Another Blow To The Space Policy Myths

Some people have been counting on the CAIB to support their nonsensical assertions about safety of government versus commercial vehicles. Well, they’re out of luck:

Our view is that NASA’s new direction can be a) just as safe, if not more safe, than government-controlled alternatives b) will achieve higher safety than that of the Space Shuttle, and c) is directly in line with the recommendations of the CAIB.

Just one more nail in the coffin of space policy mythology. There may be good arguments against the new plan, but for the most part, for the past few months, most of the ones I’ve seen have been both tragic and hilarious in their illogic and non-factuality.

[Update a few minutes later]

In reading the whole thing, I think they’re being far too kind (though I understand that they have to be diplomatic):

Second, the CAIB recommended that future launch systems should “separate crew from cargo” as much as possible. This statement is sometimes taken out of context. What it does mean is that human lives should not be risked on flights that can be performed without people; the new plan to procure separate crew and cargo transportation services clearly is consistent with the CAIB’s recommendation. But the recommendation does not disallow the use of a cargo launch system to also fly, on separate missions, astronaut flights. Indeed, the fact that Atlas V and Delta IV are flying satellites right now, including extremely high-value satellites, has helped to prove out their reliability. And the many satellite and cargo missions that Falcon 9 is planned to fly will also produce the same beneficial result.

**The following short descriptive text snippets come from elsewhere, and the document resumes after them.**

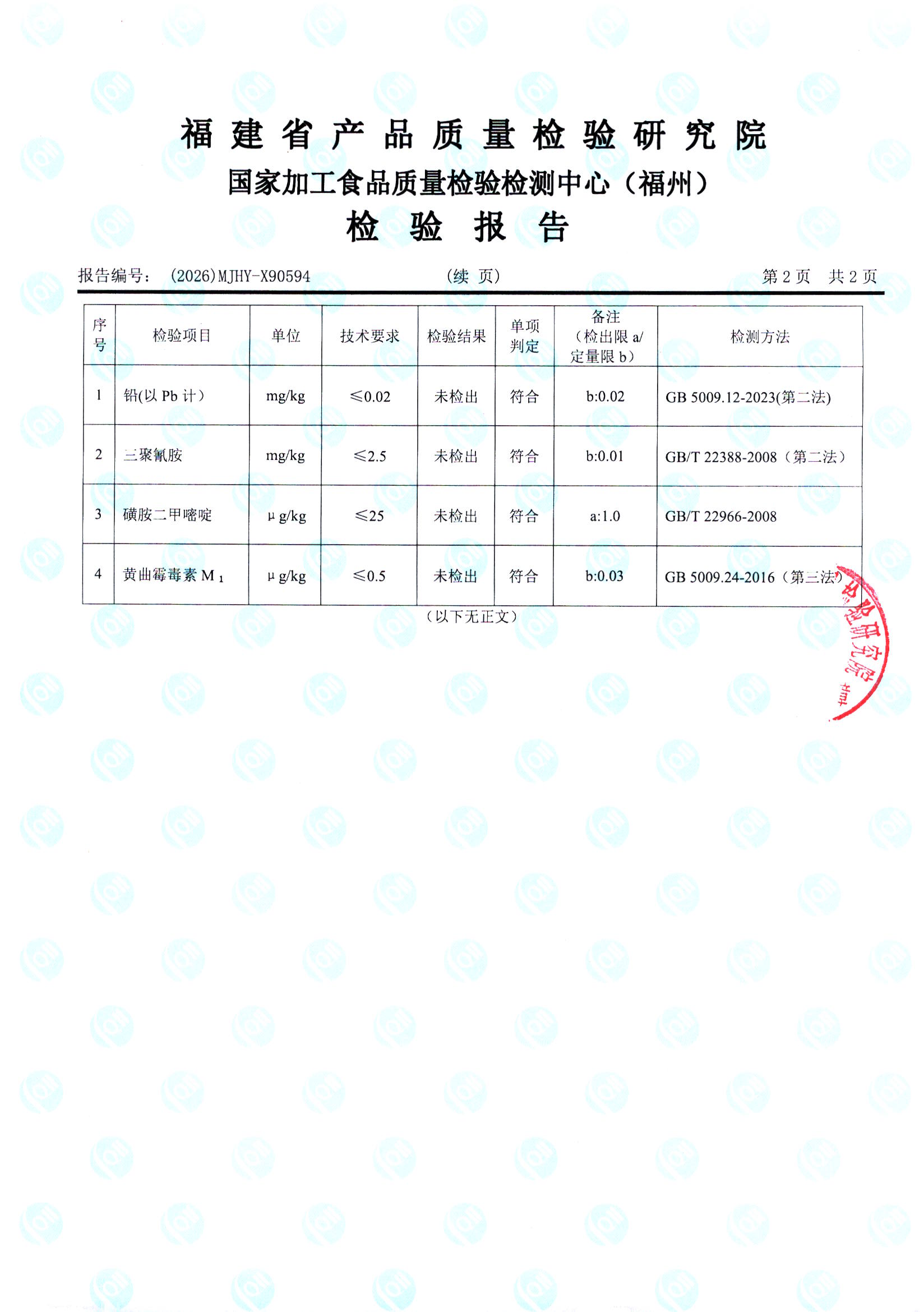 X90594_页面_3.jpg
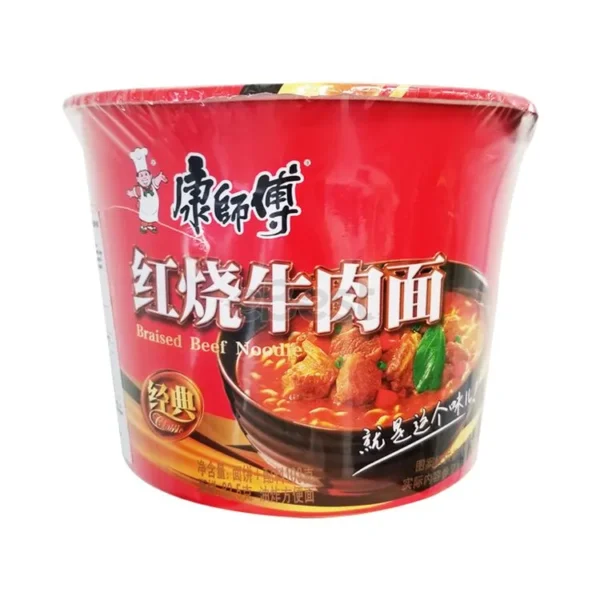 KSF BOWL NDL BRAISED BEEF 110G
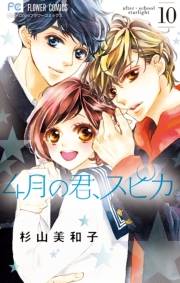 ４月の君、スピカ。　10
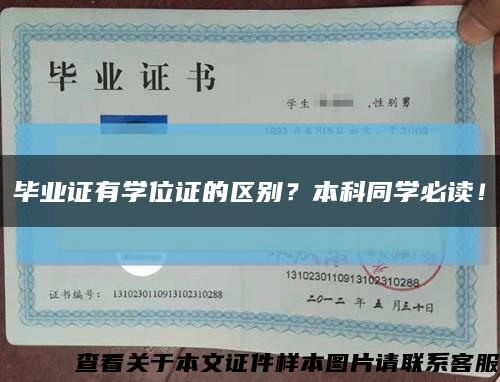 毕业证有学位证的区别？本科同学必读！缩略图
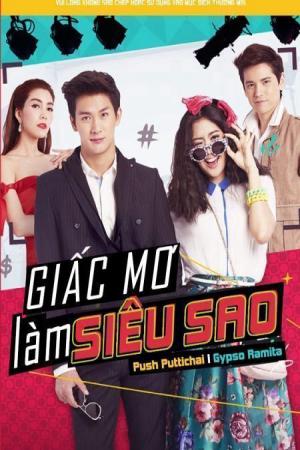 Siêu Sao Siêu Xịt (2015)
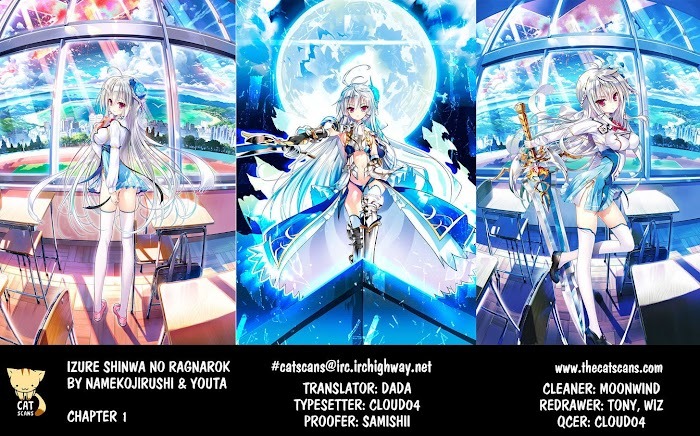 Read Izure Shinwa no Ragnarok Manga Online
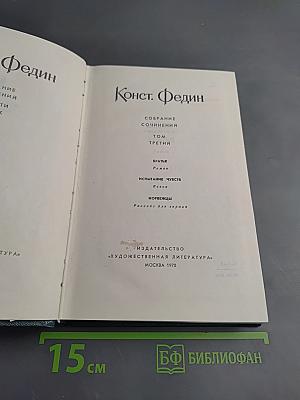 Собрание сочинений. Том 3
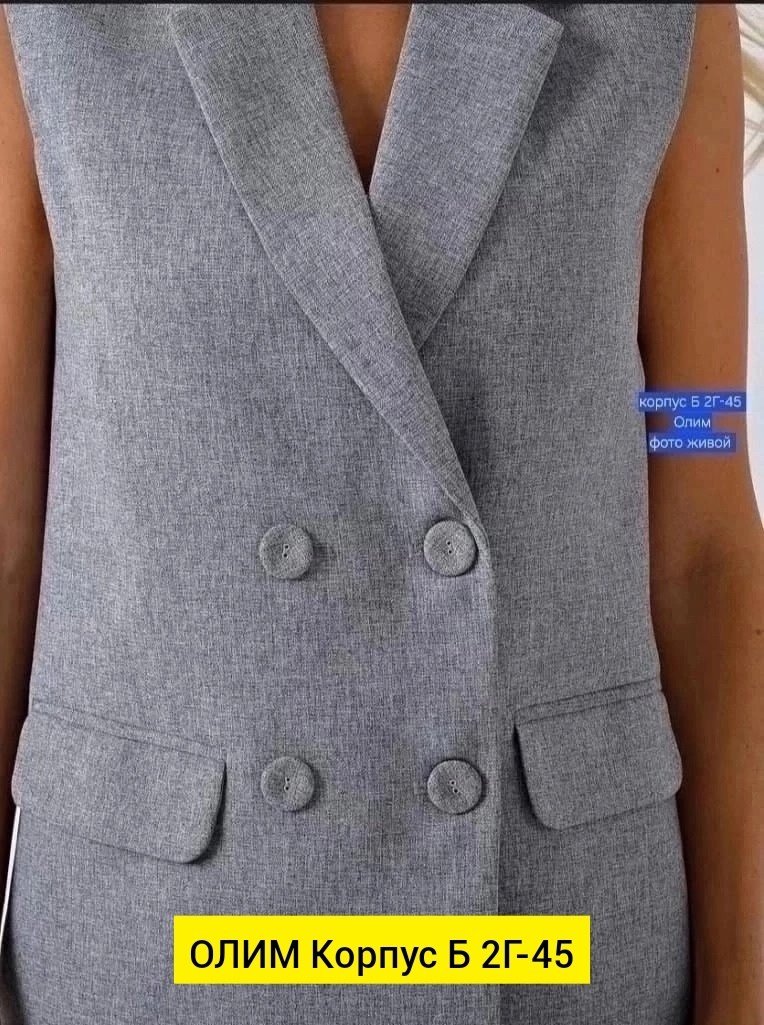 костюмы женские,брючной костюм,костюм брючный серый,костюм брючный деловой,костюм с брюками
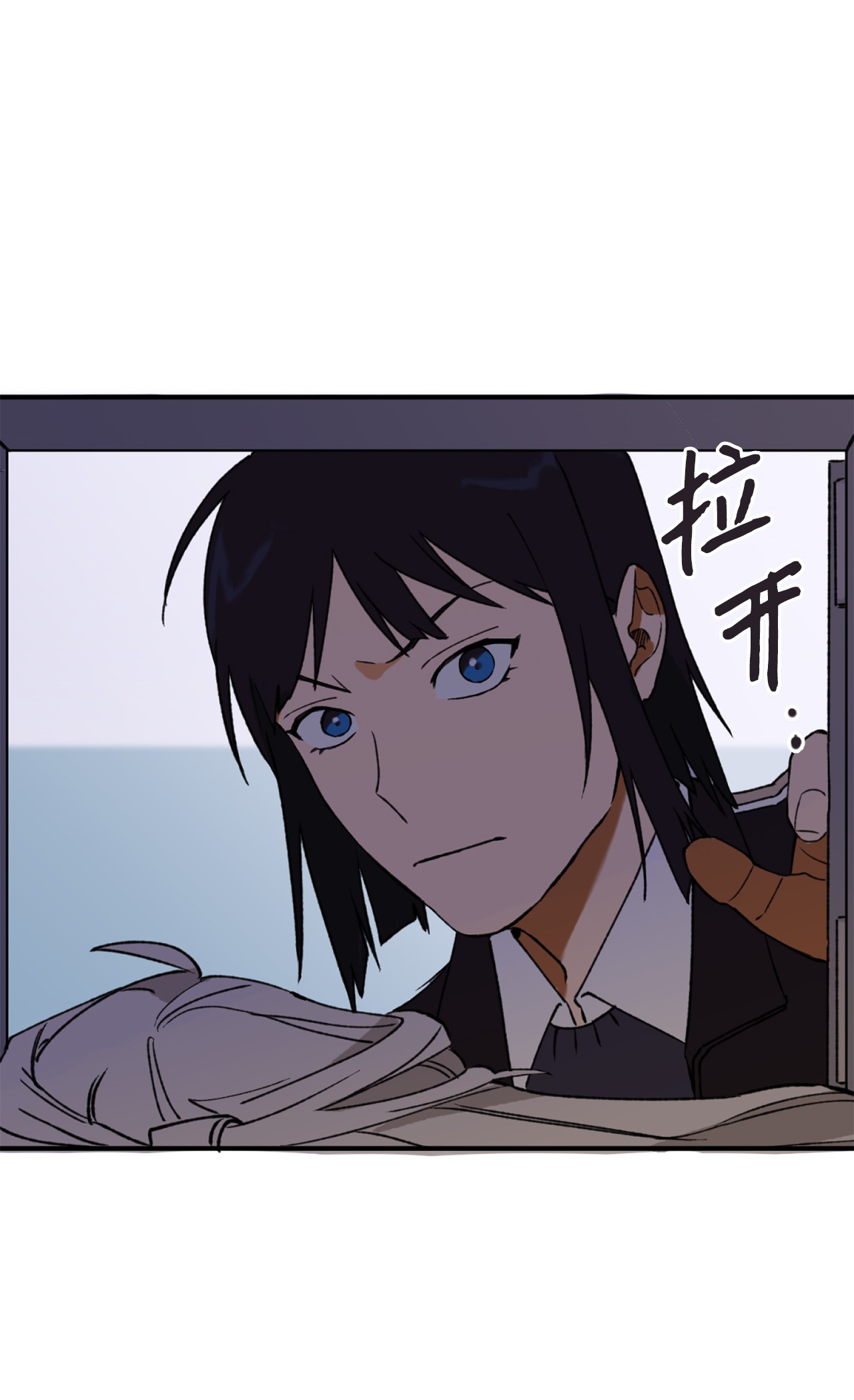 我在漫画世界当女主15 运动社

This is a very important point. First, that people have always misunderstood the “separate crew and cargo” lesson. To the degree it ever made any sense at all (we don’t do it for trucks, or airplanes), it never meant to have different vehicle designs for crew versus cargo. And one of the craziest notions that the Ares defenders had was that it would be “designed” to be so safe that crew could fly on it on its second flight, whereas rockets with a proven record of dozens of consecutive successful flights under their belts were somehow less “safe” than one with only one flight. As the CSF pointed out today:

The demonstrated track records of commercial vehicles, combined with numerous upcoming manifested flights, means that the family of commercial vehicles already has, and will continue to have, a much stronger track record than other vehicles such as Ares I. The Atlas family of rockets has had over 90 consecutive successes including 21 consecutive successes for Atlas V, and additional unmanned flights will occur over the next few years before any astronaut flights begin. Similarly, many flights of the Delta and Falcon vehicles have already occurred or will occur before astronauts would be placed onboard. Astronauts will not be flying on vehicles that lack a solid track record.

By contrast, NASA was planning to place astronauts on just the second full-up orbital flight of the Ares I system. Ares I would have many fewer test flights than Atlas V, Falcon 9, or Delta IV. Furthermore, the first crewed flight of Ares I will not occur until the year 2017 as determined by the Augustine Committee. Thus, at the planned rate of two Ares I flights per year, it would take the Ares I rocket until at least the year 2025 to match the demonstrated reliability that the Atlas V rocket already has today. That is, the commercial rocket has a fifteen-year head start on safety.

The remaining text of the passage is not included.